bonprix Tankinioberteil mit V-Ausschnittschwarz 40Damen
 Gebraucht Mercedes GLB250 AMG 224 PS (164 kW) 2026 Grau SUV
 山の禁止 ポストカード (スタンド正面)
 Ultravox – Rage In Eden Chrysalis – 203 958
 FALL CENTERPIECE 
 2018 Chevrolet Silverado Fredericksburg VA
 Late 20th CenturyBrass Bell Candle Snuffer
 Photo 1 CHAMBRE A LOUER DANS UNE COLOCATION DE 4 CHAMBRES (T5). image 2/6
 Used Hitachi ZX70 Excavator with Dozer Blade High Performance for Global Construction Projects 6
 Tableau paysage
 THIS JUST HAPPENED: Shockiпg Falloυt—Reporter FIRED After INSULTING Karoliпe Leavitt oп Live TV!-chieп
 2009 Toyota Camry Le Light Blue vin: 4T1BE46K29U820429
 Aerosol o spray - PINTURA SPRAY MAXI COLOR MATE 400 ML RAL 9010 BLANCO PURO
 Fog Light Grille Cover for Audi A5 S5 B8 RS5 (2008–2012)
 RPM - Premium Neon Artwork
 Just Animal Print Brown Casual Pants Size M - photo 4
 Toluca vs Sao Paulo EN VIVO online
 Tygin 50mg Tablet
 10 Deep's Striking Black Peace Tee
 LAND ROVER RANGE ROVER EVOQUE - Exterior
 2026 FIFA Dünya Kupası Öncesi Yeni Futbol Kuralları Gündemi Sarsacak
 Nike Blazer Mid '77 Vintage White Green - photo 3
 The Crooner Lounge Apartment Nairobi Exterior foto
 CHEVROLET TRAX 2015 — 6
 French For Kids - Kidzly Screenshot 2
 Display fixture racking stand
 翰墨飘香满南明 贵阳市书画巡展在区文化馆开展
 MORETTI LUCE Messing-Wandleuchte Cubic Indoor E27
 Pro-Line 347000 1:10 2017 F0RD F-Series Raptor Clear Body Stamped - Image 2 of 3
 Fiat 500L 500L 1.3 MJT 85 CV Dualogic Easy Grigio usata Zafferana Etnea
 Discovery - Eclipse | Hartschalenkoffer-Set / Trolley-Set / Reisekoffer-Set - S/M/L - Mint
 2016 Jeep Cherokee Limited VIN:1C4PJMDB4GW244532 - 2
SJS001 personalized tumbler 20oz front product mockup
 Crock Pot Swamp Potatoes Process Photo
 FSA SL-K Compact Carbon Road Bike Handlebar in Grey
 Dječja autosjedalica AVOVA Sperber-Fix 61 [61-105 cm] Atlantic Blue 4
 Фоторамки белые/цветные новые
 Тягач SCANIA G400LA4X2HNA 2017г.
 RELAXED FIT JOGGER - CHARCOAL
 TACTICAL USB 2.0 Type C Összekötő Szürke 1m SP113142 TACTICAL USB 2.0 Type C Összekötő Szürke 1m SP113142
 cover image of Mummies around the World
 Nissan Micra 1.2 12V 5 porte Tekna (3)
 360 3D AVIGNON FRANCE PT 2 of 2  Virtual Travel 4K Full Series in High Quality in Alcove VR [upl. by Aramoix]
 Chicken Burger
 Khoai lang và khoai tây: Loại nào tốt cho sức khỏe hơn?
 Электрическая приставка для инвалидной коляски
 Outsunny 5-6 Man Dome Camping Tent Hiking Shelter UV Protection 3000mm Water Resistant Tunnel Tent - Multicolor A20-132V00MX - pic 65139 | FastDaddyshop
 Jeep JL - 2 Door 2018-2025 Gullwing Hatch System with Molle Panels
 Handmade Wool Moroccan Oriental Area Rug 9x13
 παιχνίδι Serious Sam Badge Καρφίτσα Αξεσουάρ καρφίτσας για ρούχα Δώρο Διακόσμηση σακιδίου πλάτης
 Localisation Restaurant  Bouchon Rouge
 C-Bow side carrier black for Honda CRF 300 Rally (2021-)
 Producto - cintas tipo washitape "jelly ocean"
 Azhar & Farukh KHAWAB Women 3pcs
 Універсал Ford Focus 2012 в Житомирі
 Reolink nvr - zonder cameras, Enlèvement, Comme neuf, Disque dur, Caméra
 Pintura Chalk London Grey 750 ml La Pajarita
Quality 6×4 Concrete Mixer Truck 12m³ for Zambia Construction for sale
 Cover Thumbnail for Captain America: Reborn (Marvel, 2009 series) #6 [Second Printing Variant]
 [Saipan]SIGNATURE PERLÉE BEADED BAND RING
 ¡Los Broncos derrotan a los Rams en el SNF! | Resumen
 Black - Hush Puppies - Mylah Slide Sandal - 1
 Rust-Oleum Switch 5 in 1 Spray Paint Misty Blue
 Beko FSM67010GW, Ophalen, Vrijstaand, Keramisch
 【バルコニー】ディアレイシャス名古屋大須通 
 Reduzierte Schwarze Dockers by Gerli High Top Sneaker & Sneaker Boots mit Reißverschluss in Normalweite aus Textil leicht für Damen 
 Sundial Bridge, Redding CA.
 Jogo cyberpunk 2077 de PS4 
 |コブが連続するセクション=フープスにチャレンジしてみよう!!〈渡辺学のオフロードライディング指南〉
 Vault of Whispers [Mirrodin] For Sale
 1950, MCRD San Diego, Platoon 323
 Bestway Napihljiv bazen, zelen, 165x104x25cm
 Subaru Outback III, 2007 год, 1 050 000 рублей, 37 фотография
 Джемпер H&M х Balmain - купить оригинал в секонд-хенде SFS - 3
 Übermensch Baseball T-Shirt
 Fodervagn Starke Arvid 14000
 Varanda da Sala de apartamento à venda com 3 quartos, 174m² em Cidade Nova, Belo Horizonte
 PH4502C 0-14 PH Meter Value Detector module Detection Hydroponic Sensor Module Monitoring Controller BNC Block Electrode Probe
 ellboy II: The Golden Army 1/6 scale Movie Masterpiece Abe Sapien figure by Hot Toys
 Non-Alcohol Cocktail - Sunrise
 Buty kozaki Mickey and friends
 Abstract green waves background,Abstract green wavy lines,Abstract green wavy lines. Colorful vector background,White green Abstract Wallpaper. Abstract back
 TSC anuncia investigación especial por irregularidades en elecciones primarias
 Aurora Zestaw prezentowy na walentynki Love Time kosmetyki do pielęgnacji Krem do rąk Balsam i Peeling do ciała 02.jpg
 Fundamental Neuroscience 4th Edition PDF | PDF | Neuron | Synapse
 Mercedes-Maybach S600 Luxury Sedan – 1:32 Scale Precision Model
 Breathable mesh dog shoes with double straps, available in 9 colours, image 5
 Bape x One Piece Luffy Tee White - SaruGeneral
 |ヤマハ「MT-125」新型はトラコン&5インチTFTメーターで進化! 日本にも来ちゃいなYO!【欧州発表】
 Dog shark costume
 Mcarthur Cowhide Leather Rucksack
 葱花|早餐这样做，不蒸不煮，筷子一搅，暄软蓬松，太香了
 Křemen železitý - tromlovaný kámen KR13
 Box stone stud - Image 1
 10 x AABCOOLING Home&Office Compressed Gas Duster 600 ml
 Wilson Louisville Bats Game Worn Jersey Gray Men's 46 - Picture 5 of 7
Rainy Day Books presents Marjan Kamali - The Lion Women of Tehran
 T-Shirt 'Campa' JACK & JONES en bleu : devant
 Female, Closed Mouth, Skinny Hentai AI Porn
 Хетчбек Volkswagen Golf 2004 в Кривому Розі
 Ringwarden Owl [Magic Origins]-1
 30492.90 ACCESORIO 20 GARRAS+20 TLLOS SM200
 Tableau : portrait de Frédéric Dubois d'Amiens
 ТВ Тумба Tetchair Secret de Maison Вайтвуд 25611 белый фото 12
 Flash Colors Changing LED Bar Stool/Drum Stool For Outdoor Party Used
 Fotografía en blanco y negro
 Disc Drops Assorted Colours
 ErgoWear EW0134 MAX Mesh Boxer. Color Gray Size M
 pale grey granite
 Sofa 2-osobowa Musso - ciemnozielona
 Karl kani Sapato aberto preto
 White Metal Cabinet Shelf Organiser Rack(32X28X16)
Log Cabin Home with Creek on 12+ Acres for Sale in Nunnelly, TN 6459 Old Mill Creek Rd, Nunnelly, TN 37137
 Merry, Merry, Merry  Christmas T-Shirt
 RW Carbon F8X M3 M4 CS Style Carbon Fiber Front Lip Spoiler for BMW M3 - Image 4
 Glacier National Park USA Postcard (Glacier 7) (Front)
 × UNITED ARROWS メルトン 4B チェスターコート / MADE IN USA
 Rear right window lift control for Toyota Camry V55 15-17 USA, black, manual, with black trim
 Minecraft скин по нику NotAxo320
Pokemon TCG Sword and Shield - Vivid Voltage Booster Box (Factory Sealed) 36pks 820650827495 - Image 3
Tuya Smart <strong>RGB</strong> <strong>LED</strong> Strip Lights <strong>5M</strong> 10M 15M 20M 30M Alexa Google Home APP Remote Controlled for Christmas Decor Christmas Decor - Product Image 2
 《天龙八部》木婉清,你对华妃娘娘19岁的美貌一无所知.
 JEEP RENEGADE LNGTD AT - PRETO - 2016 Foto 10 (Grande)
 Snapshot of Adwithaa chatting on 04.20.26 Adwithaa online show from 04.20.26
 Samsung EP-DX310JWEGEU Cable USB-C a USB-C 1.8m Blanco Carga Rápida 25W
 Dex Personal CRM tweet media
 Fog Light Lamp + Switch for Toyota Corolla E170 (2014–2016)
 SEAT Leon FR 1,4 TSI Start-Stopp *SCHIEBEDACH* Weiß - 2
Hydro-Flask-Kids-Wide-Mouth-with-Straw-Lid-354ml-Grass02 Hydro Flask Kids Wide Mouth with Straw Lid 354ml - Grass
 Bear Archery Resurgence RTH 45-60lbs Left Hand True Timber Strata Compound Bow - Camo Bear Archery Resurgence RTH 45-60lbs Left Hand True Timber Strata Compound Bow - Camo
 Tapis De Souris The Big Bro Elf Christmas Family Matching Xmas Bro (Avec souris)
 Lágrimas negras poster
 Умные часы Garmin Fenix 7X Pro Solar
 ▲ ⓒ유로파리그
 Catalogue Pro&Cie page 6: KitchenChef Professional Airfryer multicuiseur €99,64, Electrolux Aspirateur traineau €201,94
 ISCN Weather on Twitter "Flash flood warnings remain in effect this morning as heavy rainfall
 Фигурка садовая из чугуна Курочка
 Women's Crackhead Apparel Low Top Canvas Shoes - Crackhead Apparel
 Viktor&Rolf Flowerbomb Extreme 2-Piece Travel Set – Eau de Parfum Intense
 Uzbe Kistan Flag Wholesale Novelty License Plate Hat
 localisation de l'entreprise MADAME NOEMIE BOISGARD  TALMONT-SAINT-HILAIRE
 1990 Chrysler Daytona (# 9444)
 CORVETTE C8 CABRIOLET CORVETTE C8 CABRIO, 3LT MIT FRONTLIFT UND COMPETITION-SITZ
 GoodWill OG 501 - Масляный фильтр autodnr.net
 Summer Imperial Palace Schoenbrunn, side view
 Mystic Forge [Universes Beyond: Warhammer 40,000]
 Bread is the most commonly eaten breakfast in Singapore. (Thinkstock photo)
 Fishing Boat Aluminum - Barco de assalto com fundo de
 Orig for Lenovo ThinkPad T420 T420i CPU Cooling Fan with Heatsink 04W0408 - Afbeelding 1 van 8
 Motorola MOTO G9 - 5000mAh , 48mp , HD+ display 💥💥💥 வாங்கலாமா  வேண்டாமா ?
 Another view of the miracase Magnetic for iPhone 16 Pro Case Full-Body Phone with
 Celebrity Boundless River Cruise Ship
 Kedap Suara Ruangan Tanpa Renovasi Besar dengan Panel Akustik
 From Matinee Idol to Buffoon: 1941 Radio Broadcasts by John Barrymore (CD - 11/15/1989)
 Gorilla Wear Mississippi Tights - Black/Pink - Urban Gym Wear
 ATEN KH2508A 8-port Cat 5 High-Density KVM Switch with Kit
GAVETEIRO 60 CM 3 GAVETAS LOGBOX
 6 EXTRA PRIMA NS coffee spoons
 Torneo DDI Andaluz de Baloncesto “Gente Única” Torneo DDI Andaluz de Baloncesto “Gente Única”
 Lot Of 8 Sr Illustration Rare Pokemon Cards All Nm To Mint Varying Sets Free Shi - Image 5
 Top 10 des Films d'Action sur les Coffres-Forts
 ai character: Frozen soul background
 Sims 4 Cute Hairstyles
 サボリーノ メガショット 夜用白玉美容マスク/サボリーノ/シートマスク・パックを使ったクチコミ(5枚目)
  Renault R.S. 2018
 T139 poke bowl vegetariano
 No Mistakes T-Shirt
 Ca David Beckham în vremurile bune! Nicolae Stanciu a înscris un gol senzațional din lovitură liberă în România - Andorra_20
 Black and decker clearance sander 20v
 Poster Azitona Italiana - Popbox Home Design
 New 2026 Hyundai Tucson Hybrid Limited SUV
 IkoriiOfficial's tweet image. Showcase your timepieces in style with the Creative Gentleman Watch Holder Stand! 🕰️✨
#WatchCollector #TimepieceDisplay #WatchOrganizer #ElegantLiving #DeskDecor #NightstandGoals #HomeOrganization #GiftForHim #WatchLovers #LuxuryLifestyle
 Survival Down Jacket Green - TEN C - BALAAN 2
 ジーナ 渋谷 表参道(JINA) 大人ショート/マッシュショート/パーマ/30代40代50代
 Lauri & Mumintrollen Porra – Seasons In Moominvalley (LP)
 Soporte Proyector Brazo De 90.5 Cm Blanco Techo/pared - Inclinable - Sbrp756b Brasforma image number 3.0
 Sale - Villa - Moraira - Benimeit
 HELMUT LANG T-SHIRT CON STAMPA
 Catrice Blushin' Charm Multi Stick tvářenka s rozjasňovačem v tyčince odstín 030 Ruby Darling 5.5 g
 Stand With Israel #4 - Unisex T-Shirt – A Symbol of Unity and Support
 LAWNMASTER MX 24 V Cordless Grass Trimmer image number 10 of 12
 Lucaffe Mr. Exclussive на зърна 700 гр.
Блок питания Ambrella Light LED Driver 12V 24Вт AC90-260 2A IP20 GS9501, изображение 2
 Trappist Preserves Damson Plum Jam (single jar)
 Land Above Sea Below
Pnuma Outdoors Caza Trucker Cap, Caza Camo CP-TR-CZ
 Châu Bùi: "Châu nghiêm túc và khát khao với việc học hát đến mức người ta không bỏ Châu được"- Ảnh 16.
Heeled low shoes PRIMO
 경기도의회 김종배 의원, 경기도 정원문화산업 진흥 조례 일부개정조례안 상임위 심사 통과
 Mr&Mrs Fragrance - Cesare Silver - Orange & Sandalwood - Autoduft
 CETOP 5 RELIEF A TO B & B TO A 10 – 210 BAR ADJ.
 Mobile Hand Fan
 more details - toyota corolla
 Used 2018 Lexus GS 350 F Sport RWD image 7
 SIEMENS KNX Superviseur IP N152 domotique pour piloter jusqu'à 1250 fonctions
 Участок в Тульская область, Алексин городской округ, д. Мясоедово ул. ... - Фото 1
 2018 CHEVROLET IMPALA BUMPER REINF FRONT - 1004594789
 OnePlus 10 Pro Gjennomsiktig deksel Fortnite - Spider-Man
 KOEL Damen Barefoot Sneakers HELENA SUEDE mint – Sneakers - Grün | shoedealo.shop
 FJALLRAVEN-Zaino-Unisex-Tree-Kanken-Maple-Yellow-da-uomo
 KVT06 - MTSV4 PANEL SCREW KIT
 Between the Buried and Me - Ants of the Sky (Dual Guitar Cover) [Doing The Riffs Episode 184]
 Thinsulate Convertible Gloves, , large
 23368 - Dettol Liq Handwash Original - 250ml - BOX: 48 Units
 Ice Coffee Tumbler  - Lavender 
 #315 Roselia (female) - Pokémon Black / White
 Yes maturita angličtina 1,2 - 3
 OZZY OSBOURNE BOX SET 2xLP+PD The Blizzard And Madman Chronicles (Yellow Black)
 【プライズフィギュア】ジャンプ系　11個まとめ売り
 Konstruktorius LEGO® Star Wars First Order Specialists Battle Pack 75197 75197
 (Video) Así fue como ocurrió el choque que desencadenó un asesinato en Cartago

· · · · · · ·

--- Brief ---
In the material above, find the line containing "Kedap Suara Ruangan" and the line containing "New 2026 Hyundai Tucson Hybrid Limited SUV", then write out exactly those two lines and every line between them, and nothing more.

--- Answer to the exercise ---
 Kedap Suara Ruangan Tanpa Renovasi Besar dengan Panel Akustik
 From Matinee Idol to Buffoon: 1941 Radio Broadcasts by John Barrymore (CD - 11/15/1989)
 Gorilla Wear Mississippi Tights - Black/Pink - Urban Gym Wear
 ATEN KH2508A 8-port Cat 5 High-Density KVM Switch with Kit
GAVETEIRO 60 CM 3 GAVETAS LOGBOX
 6 EXTRA PRIMA NS coffee spoons
 Torneo DDI Andaluz de Baloncesto “Gente Única” Torneo DDI Andaluz de Baloncesto “Gente Única”
 Lot Of 8 Sr Illustration Rare Pokemon Cards All Nm To Mint Varying Sets Free Shi - Image 5
 Top 10 des Films d'Action sur les Coffres-Forts
 ai character: Frozen soul background
 Sims 4 Cute Hairstyles
 サボリーノ メガショット 夜用白玉美容マスク/サボリーノ/シートマスク・パックを使ったクチコミ(5枚目)
  Renault R.S. 2018
 T139 poke bowl vegetariano
 No Mistakes T-Shirt
 Ca David Beckham în vremurile bune! Nicolae Stanciu a înscris un gol senzațional din lovitură liberă în România - Andorra_20
 Black and decker clearance sander 20v
 Poster Azitona Italiana - Popbox Home Design
 New 2026 Hyundai Tucson Hybrid Limited SUV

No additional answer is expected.